Squares and rectangles with sides parallel to the real and imaginary axes are particularly easy. If you had a rectangle with corners at (1, 2), (1, 3), (4, 3), and (4, 2), then you can check to see if the real part of a pixel's coordinates are between 1 and 4, and the imaginary part of the pixel's coordinates are between 2 and 3. If both of these conditions hold, then the pixel is inside the rectangle. If either condition is violated, then the pixel is outside.
One way to speed up complex shape calculations is to use a bounding shape. For example, if you're doing a 37-segment curve that completely lives inside a circle, then see if the pixel is inside or outside of the circle. If it is outside, then you can go on to the next point without having to run through the entire calculation.
In your quest for speed, don't be tempted to use the "Guessing" drawing mode.
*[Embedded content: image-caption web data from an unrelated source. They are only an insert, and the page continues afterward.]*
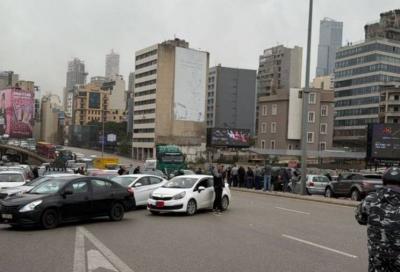 بالفيديو والصور- قطع الطرقات في بيروت وخلدة وعكار والبقاع احتجاجًا على زيادة الرسوم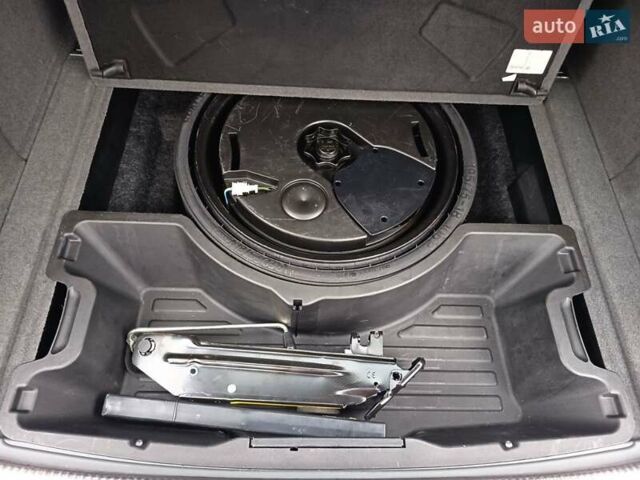 Сірий Ауді Ку 5, об'ємом двигуна 2 л та пробігом 260 тис. км за 13999 $, фото 50 на Automoto.ua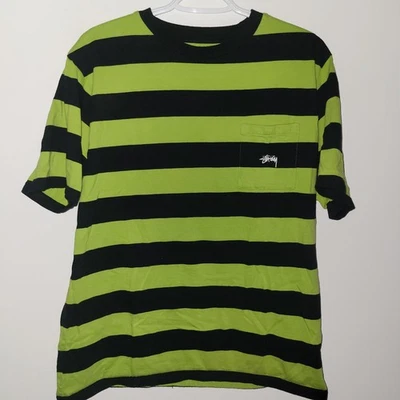 Футболка мужская Stussy Pocket средний размер черная зеленая в полоску - Изображение 1 из 4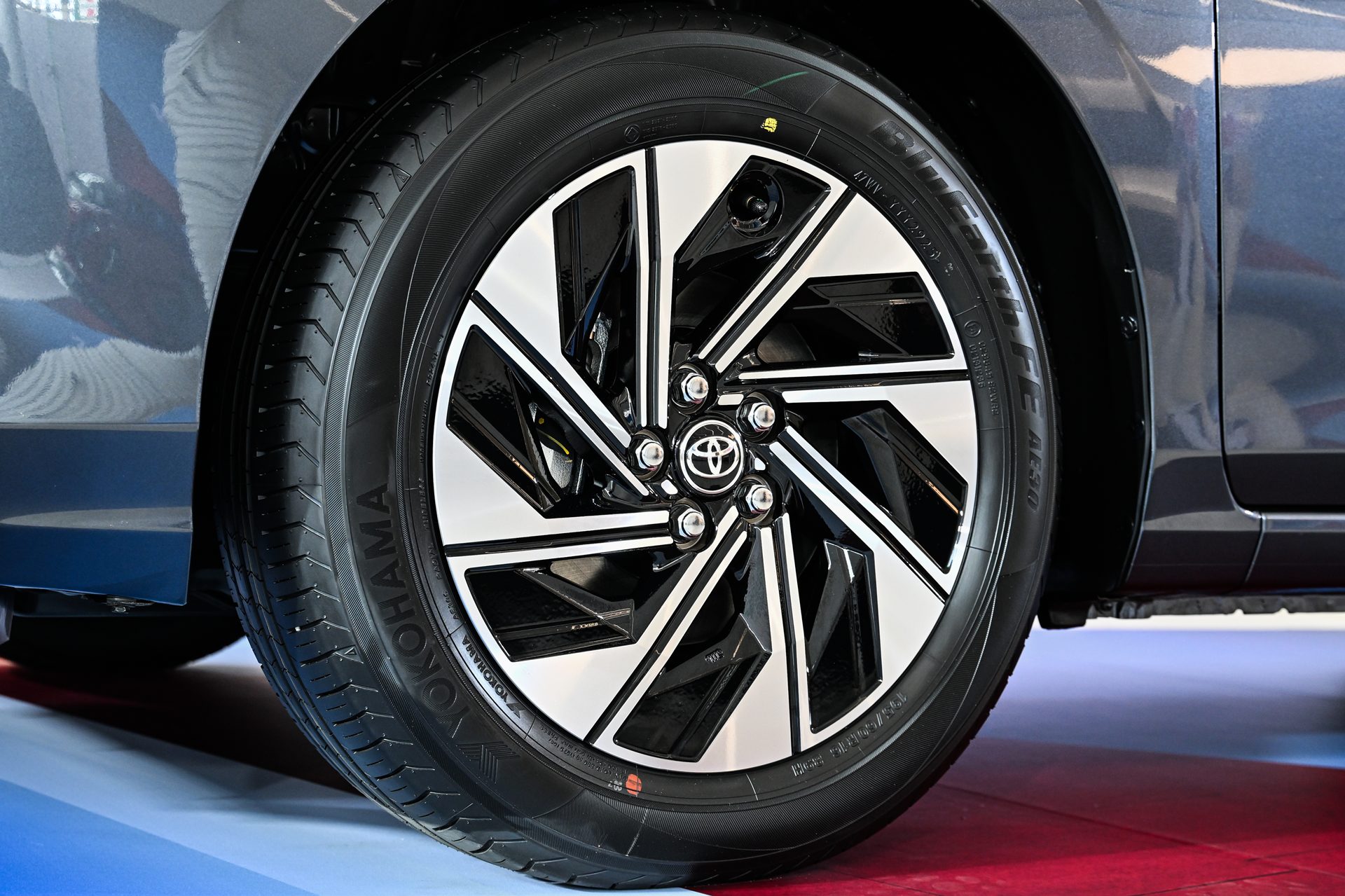 รูปภาพ โตโยต้า Toyota Yaris ATIV HEV Premium ปี 2025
Your image will probably have scads of thin lines or small points in it, and the "Guessing" mode can pass over miss parts, leaving gaps and blank spots. Be sure to use one of the linear modes, either "One-pass" or "Multi-pass."
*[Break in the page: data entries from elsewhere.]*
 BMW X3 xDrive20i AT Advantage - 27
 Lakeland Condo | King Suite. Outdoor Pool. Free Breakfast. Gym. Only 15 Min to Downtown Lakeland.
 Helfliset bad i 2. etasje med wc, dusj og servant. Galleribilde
This is an Apollonian packing, in which the triangular gap between three touching circles is filled with another circle. That leaves three more gaps, which are filled by three smaller circles, etc. It was rendered using transforms; each circle was created from its own transform. I wrote a separate program to determine the locations of the circles in the image and to create the upr. | |
I call this image, "Harmony."
It is composed completely of overlapping black and white solid circles.
Each circle is slightly smaller than the previous, the opposite color,
and tangent to it at one point. To avoid having to place a zillion transforms,
this is all accomplished in the calculation formula.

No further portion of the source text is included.